On Wednesday, Sotheby’s staged its first sale dedicated to Surrealist art. Held at the house’s Paris headquarters, the sale was a success, bringing in €33 million ($36.7 million) with premium, across 23 lots. The auction saw a near-perfect sell-through rate, with only one lot unsold, and achieved a total hammer price of €27.1 million ($30.1 million), narrowly surpassing its €26.3 million ($29.2 million).
The sale comes as a new level of attention is paid to Surrealism, which will be one of the primary focuses of the 2022 Venice Biennale, scheduled to take place this April in Italy.
At auction, Surrealist art has been rising in value alongside steady demand, with Christie’s having dedicated auctions to the movement since 2001, initially under the aegis of specialist Olivier Camu. But as of late, the market for the movement has only grown stronger. Earlier this month, René Magritte’s painting L’empire des lumières sold for £59.4 million ($79.8 million) at Sotheby’s, setting a new record for the Belgian Surrealist.
At Sotheby’s sale on Wednesday, the top lot was Francis Picabia’s Pavonia (1929), a painting from the “Transparencies” series, in dreamlike scenes are populated overlapping outlined bodies of men and women. Pavonia was commissioned by French art dealer Léonce Rosenberg, who is known for having supporting the Cubists before they grew famous. After competing with five other bidders for the work, a bidder on the phone with Sotheby’s European chairman of contemporary art, Claudia Dwek, won the painting for a hammer price of €8.5 million ($7.7 million). With premium, the painting made €10 million ($11 million), minting a new auction record for Picabia, whose previous milestone stood at $8.8 million. That sum was paid for Volucelle II (1922) at Sotheby’s in 2013.

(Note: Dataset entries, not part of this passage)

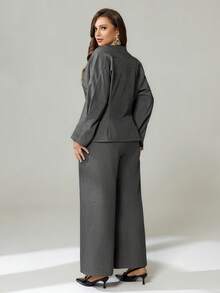 Auralis 2 piezas Conjunto elegante de talla grande para mujer, adecuado para maestras, casual de negocios, ropa de oficina, conjunto de comuter moderno, conciertos/actuaciones, citas, cenas formales, ir y venir, romántico, dama de oficina, estilo de sirena, primavera/otoño - Gris - Ver 5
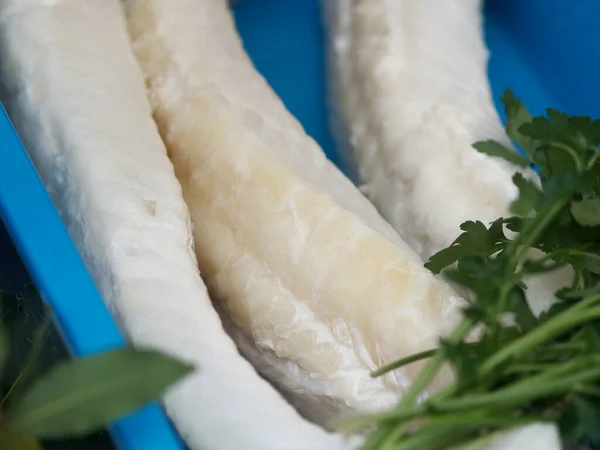 Varios Trozos Bacalao Salado Saludable Sabroso — Foto de Stock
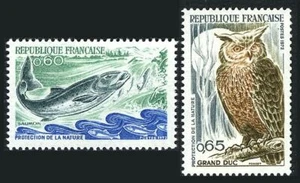 France 1338-1339,MNH.Michel 1787,1794. Nature protection 1972.Salmon,Eagle owl. - Picture 1 of 1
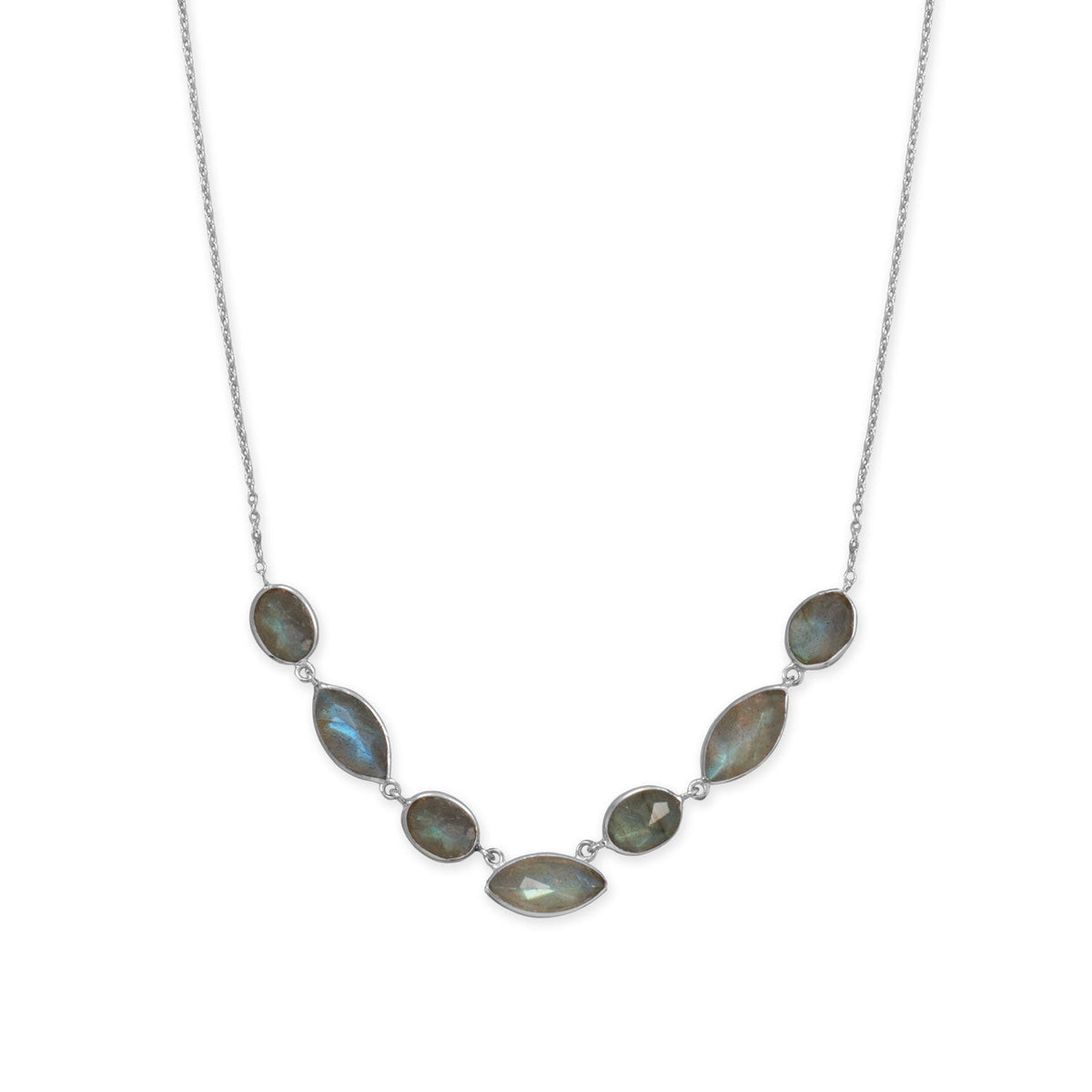 16"+2" Rhodium Plated Multi-Shape Labradorite Necklace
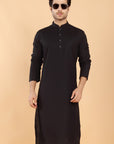 Black Linen Kurta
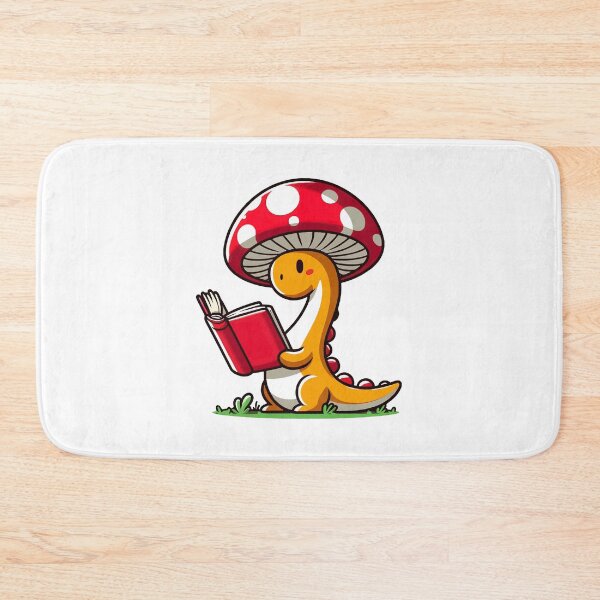 Item preview, Kawaii simple Mushroom Hat Dinosaur Brontosaurus Reading Book designed and sold by TomFrontierArt.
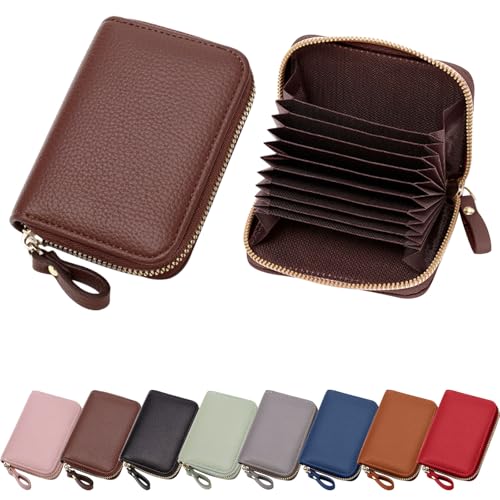 Mayoii RFID-Kartenetui für Damen, echtes Leder, Kreditkartenetui, RFID-blockierende Geldbörse, kompakte Akkordeon-Reißverschluss-Geldbörse mit 11 Fächern, braun, 7.5*11*2.4 cm, Modern von Mayoii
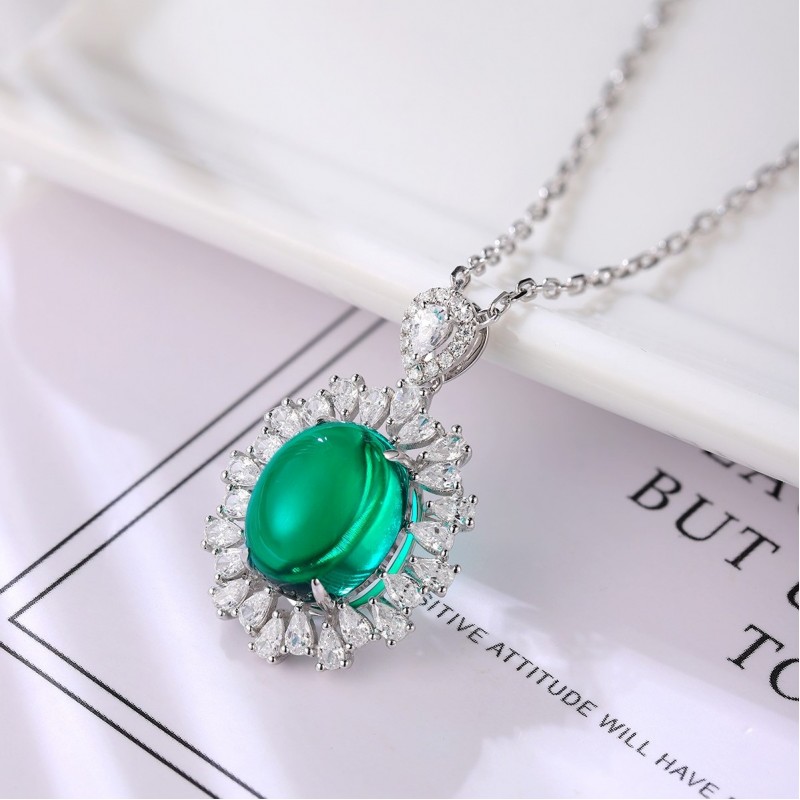 Ruif Jewelry Classic Design S925 Silver 3.54ct Lab Grown Emerald Pendant Necklace Gemstone Jewelry Ruif Jewelry Classic Design S925 Silver 3.54ct Lab Grown Emerald Pendant Necklace Gemstone Jewelry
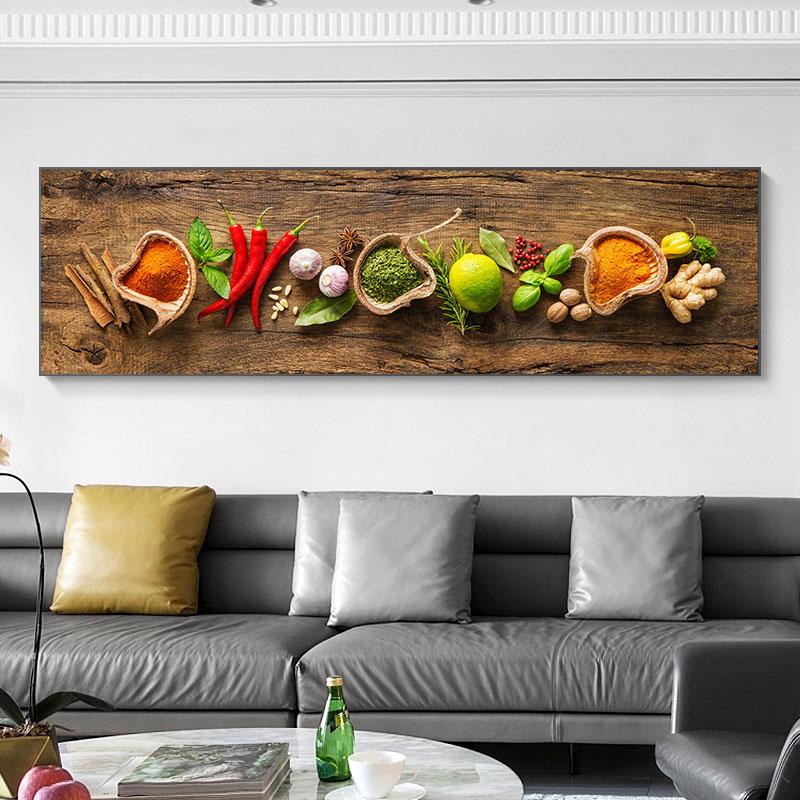 Große Körner-Wand-Kunst-Poster für die Küche, Heimdekoration, verschiedene Kräuter und Gewürze, HD-Druck, Leinwand, Öl, Restaurant-Gemälde, Cuadros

Other works that fetched high prices during the sale did so without far exceeding their expectations. The second-highest price achieved during the sale was set when a blue and white wooden relief by Hans Arp from 1928 made its auction debut. L’O et l’U de l’oiseau sold for €3.4 million ($3.8 million), hammering at €2.7 million ($3.8 million), below its €3 million ($3.3 million) estimate. Another work by Picabia, Nu de dos (1942), depicting a seated nude woman with her back toward the viewer, sold for €3.3 million ($3.6 million).
Three works by Magritte placed among the auction’s top lots. Le paysage fantôme, one of the earliest word paintings the artist ever produced, surpassed its high estimate, going for €2.2 million ($2.4 million). Le bon temps, a 1966 collage featuring the artist’s signature bowler-hatted figure, sold for €1.3 million ($1.4 million). La Joconde (Mona Lisa), a large-scale bronze sculpture depicting curtains that the artist produced for the storied dealer Alexandre Iolas, went for a total price of €1.7 million ($1.9 million).
The winning buyer of Le bon temps was Greek financier Dimitri Mavrommatis, according to the Baer Faxt, an art industry newsletter. Mavormmatis already owns significant works by artists affiliated with the Surrealist movement, among them Joan Miró and Max Ernst.
The story of Surrealism has primarily been told through male artists, and women involved in the movement are finally getting recognition, both in institutions and on the market. Sotheby’s sale on Wednesday continued that trend. Dorothea Tanning’s black and orange abstraction Mêlées nocturnes (1958) went for €567,000 ($621,000), surpassing its €300,00 ($326,000) estimate. Leonor Fini’s 1954 portrait of a hybrid female figure, titled Sphinx for David Barrett, went for €119,700 ($131,100). The price was more than double the €50,000 ($54,000) estimate.